One of Python's most popular uses is writing small scripts to automate various work steps and processes. An example is the email processing system. To collect statistics and analyze data, you need to count the number of incoming emails containing specific keywords. This can be done manually, or you can write a simple script that will calculate everything by itself. There are several reasons for using Python for automation tasks:
- Simple syntax for fast scripting
- Ease of debugging since the code is not compiled before running.
- Built-in applications
- Python is the most popular programming language for Raspberry Pi.
Backend and front-end code
Let's say you want to do something that looks like Instagram. You need to create a front-end code for each device type that needs to be supported. For this, different programming languages can be used, for example:
- Swift for iOS;
- Java for Android;
Each type of device will run its own set of codes. It will determine the format of the application, its appearance, etc. However, you do need to store personal data and photographs. You want to use your server for this, not the users' devices so that subscribers can view each other's photos. To solve this problem, you need a backend code (server-side). It will perform the following operations:
- Track friendships and subscriptions;
- Compress photos so that they take up less storage space;
- Analyze requests and issue recommendations to each user.
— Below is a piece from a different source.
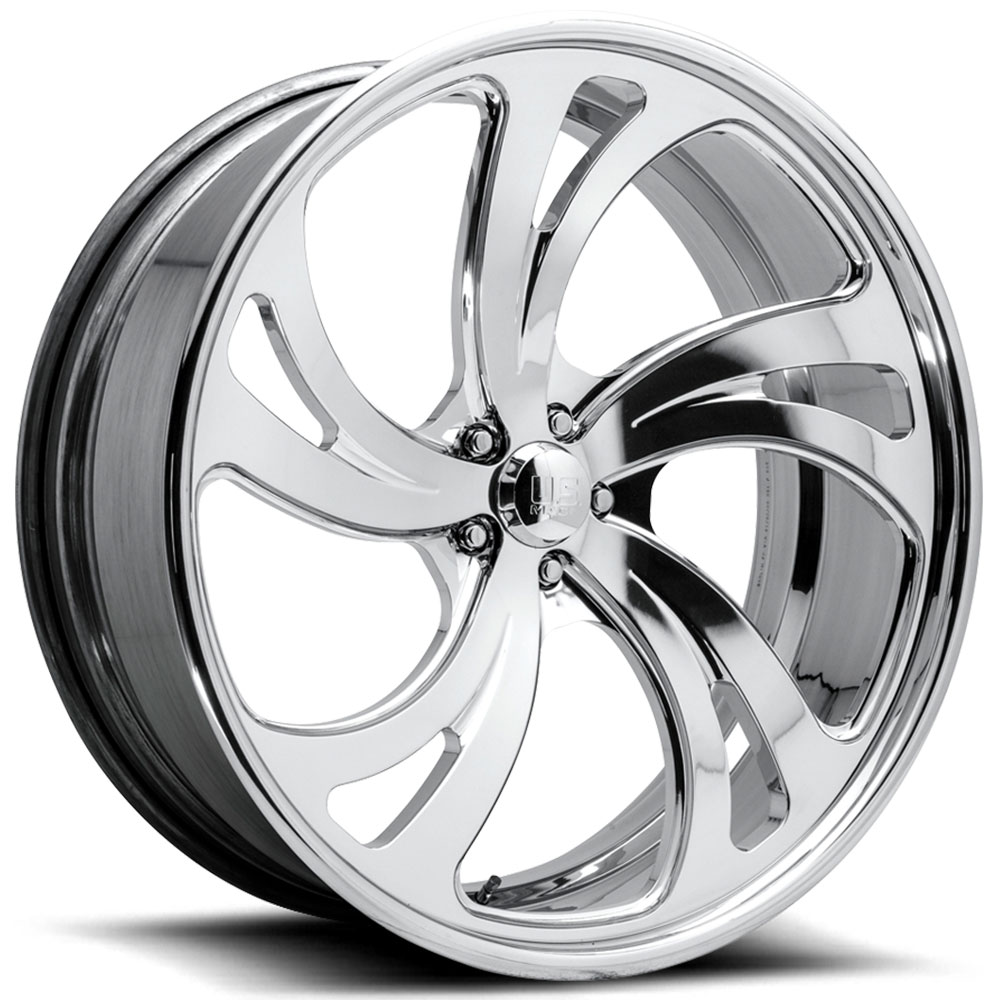 22" U.S. Mags Forged Wheels Kompressor 5 US451 Polished Tuckin Series Rims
This is the difference between front-end and backend code.
Why Python is good for web development?
Suppose we want to make a website or a service. In that case, we use a combined approach: we have some kind of back-end that implements the logic and creates web pages, and some front-end draws these web pages in the browser. And when we need to collect all this on something quickly, then there is not much choice. Let's take a look at the possible options.
C #. Microsoft is great. They made .NET Core and are promoting it in every possible way. But, firstly, this is a new cross-platform technology, and not everything is smooth there yet. Secondly, it is very costly, and there are few C # developers - simply because it is unpopular. Java. It's too complicated. Making an average website in Java is not ten lines of code like in Python. This is a lot of code, these are frameworks, and you need to know the specifics of configuring Java servers. In general, in the end, all you get pain and suffering.
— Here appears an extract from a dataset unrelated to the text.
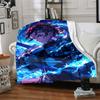 1pc Kamado Tanjiro Blanket, Gift, for Men and Women, Soft Blanket, Good for Sofa Bed Couch Travel, Lightweight Flannel Blanket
- PHP. In the latest versions, it's great. I'll even say this: PHP 7.2 is not worse than Python. But you can't just go and use PHP 7.2. Suppose an ordinary, non-top developer makes a PHP website. In that case, he will not write only in 7.2: you still have to read some textbooks, tutorials, there is a lot of legacy code everywhere, and this is not very good.
- Let's skip Ruby, Haskell, Erlang, and other niche stuff, and we're left with Python. A language with a consistent syntax, uniform standard library, better documentation, popular lightweight frameworks, a mega-popular Django harvester. It turns out that, despite the broadest choice, if you hire ordinary, non-top developers, you will get a "typical" website unless your ordinary developers use Python. Thus making Python into a superpower, capable of turning an average web developer into an "extraordinary website maker."